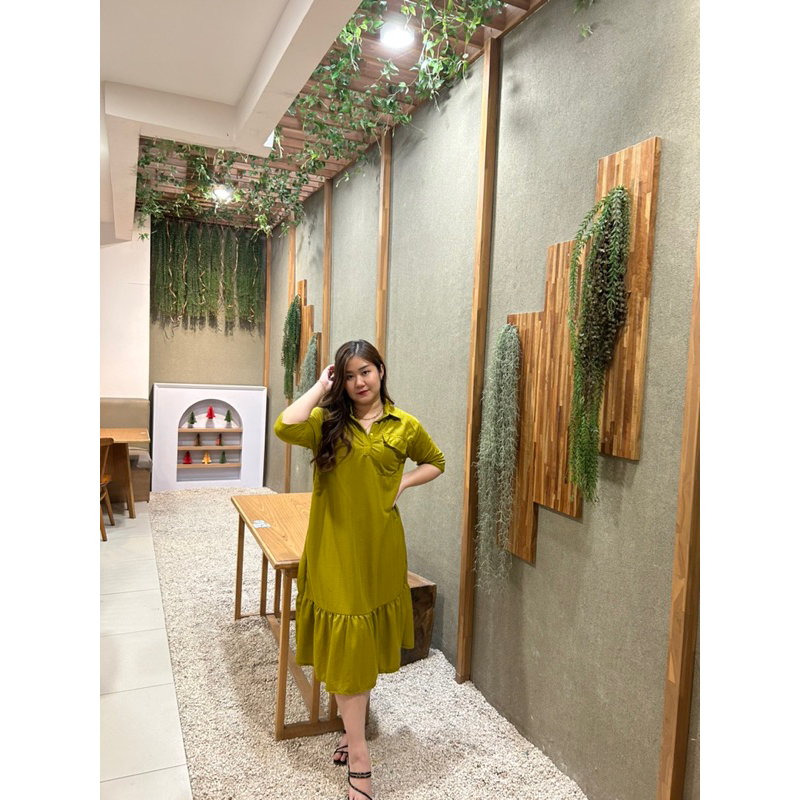 MIKHA midi dress knit - dres mini pocket
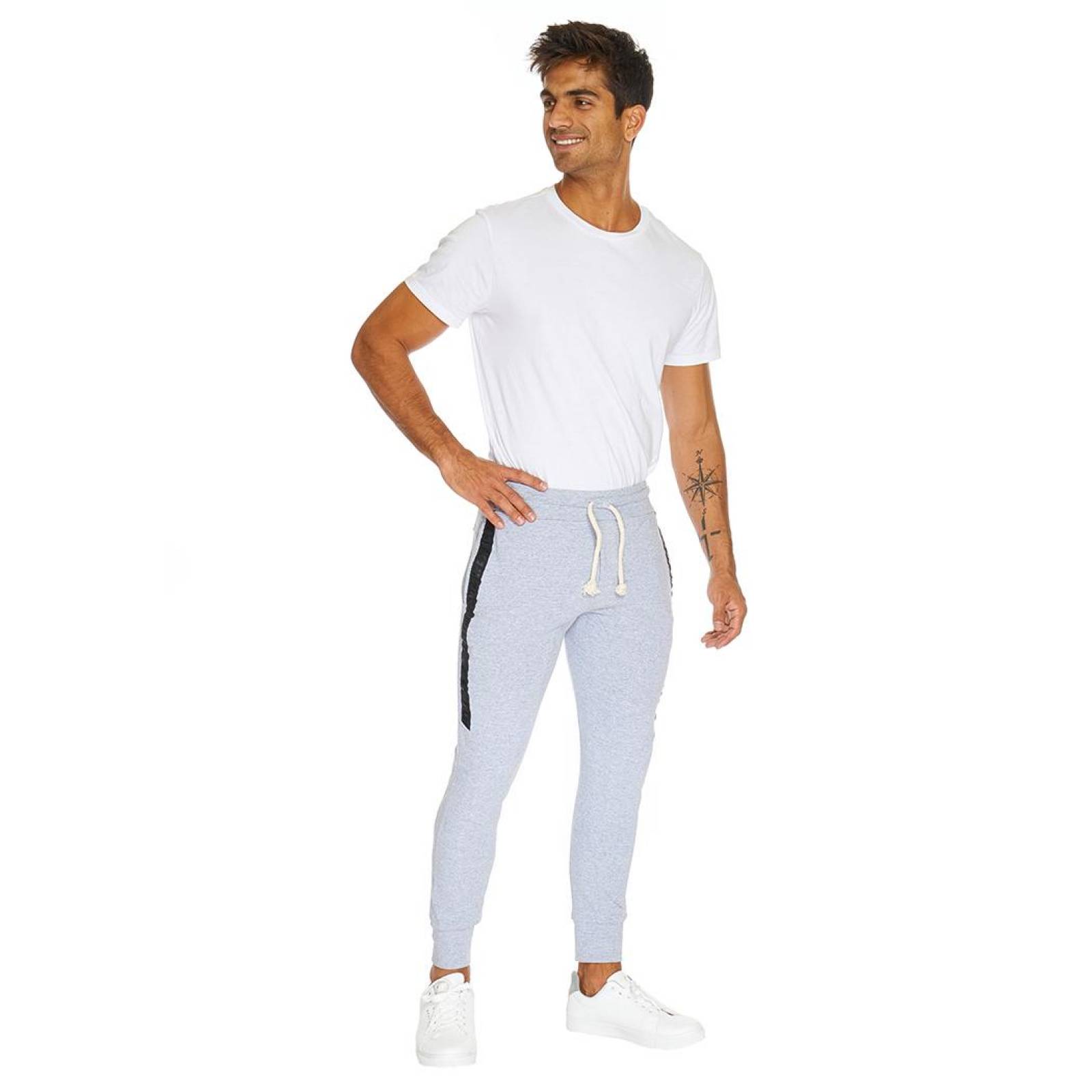 Jogger Hombre Pants Deportivo Slim Fit Suave Gris Cómodo 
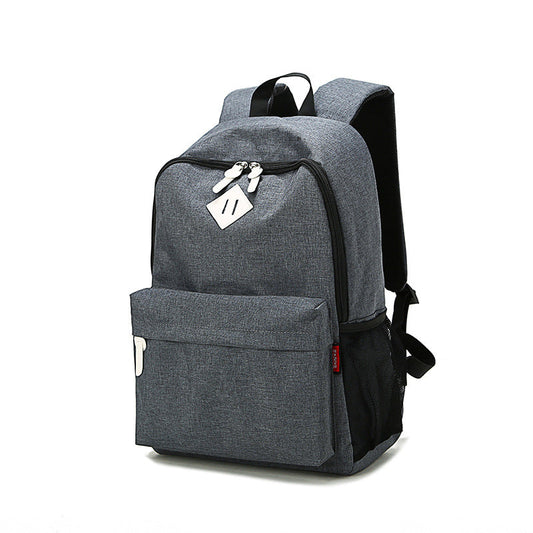 Large Capacity College Style Backpack For Men And Women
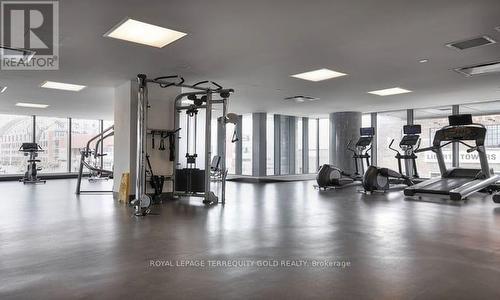 2405 - 4011 Brickstone Mews, Mississauga, ON - Indoor Photo Showing Gym Room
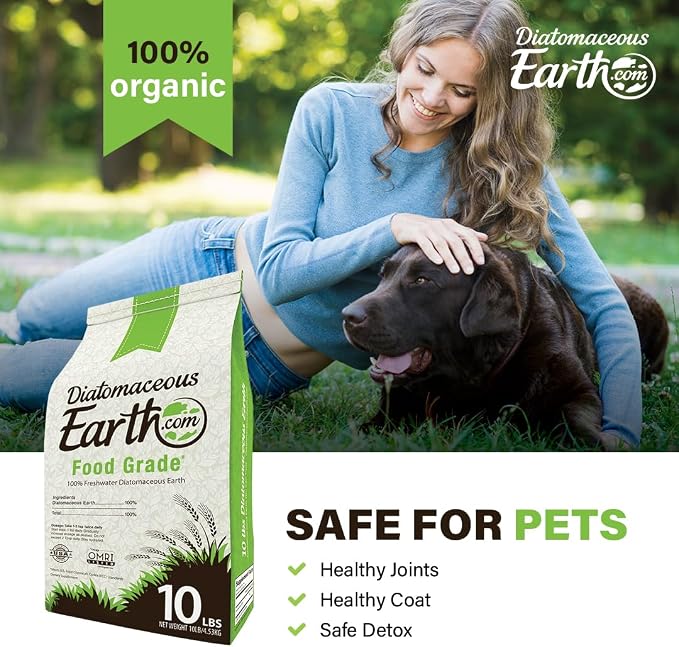 DiatomaceousEarth Food Grade Diatomaceous Earth – 10lb | 100% Organic, All-Natural Powder | Safe for Humans & Pets | OMRI Listed for Organic Use - Image 8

════════

=== The task ===
Word for word, reproduce the listing above; no image should be carried over.

=== Result ===
 MIKHA midi dress knit - dres mini pocket
 Jogger Hombre Pants Deportivo Slim Fit Suave Gris Cómodo 
 Large Capacity College Style Backpack For Men And Women
 2405 - 4011 Brickstone Mews, Mississauga, ON - Indoor Photo Showing Gym Room
 DiatomaceousEarth Food Grade Diatomaceous Earth – 10lb | 100% Organic, All-Natural Powder | Safe for Humans & Pets | OMRI Listed for Organic Use - Image 8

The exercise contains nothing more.